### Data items
►

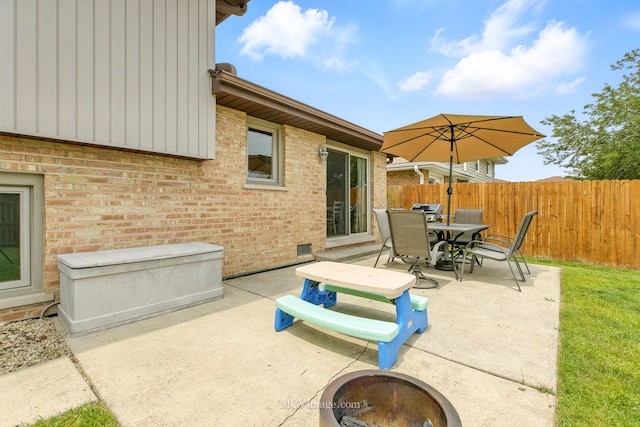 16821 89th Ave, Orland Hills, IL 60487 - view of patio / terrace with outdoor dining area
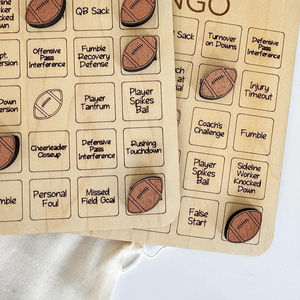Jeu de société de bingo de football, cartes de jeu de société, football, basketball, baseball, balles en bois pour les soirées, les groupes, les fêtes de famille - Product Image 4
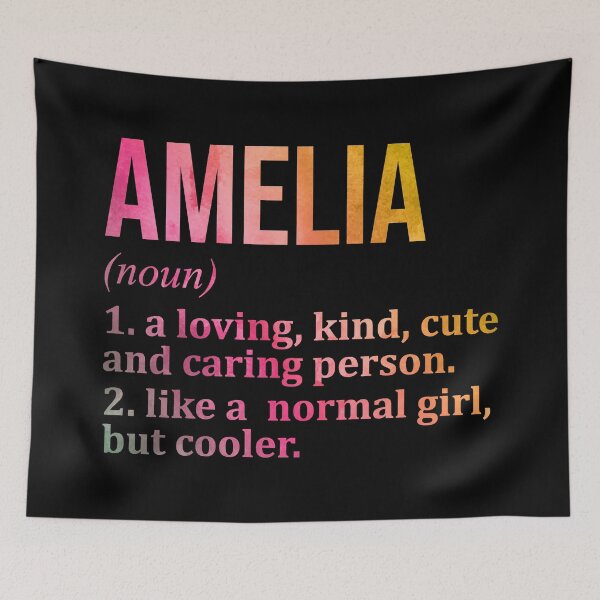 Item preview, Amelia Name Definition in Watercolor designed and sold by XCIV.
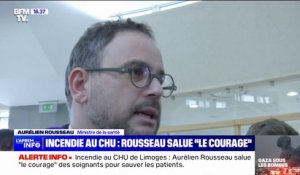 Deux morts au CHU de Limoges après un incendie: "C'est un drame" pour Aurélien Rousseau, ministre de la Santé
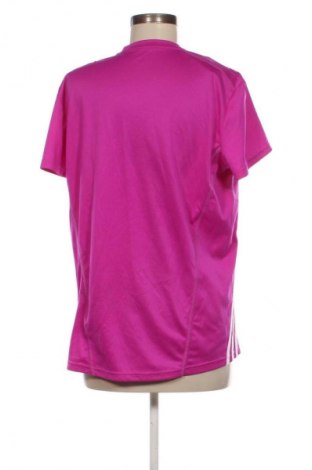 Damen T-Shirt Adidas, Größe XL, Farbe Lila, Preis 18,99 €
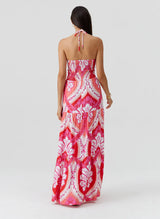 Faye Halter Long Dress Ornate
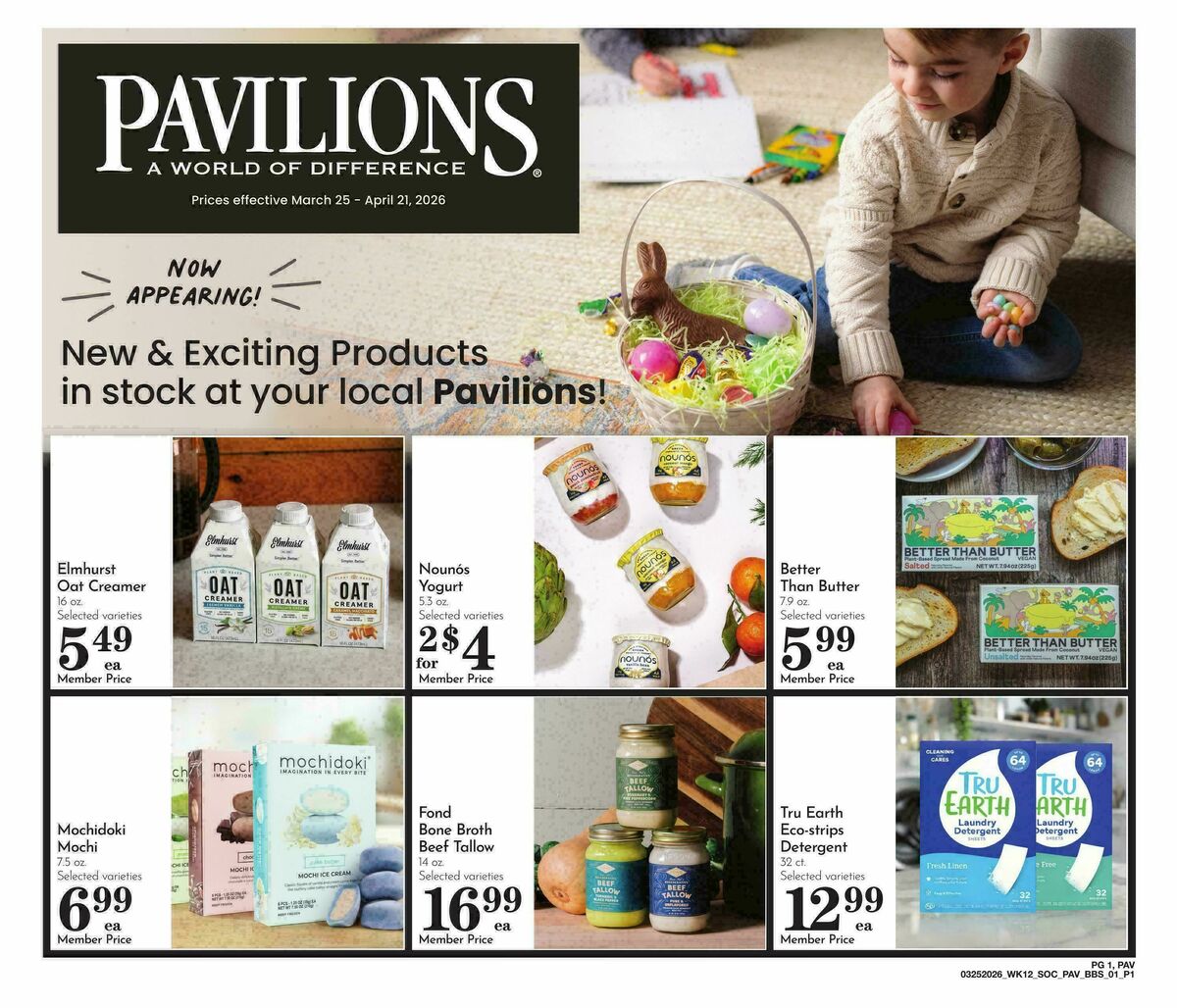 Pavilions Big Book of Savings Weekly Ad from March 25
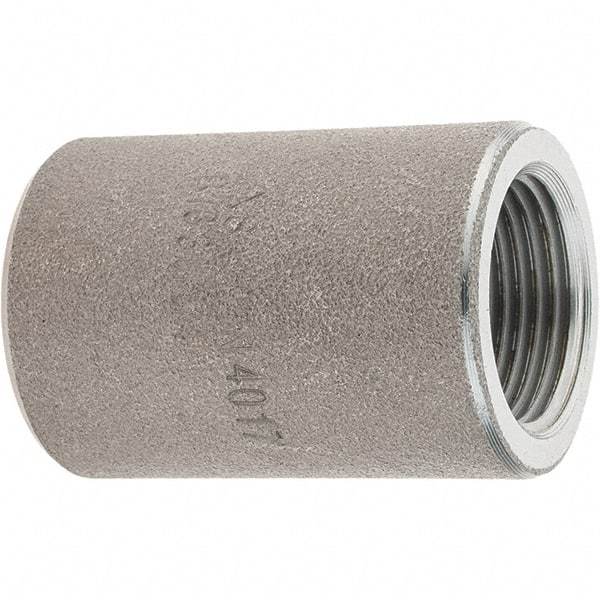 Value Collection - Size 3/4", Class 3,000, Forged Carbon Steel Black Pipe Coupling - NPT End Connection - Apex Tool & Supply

◄

Take the line with "Pavilions Big Book" as the first line and the last line of the records above as the final one; reproduce exactly the lines between them, both included, without pictures.

### OUTPUT
 Pavilions Big Book of Savings Weekly Ad from March 25
 Value Collection - Size 3/4", Class 3,000, Forged Carbon Steel Black Pipe Coupling - NPT End Connection - Apex Tool & Supply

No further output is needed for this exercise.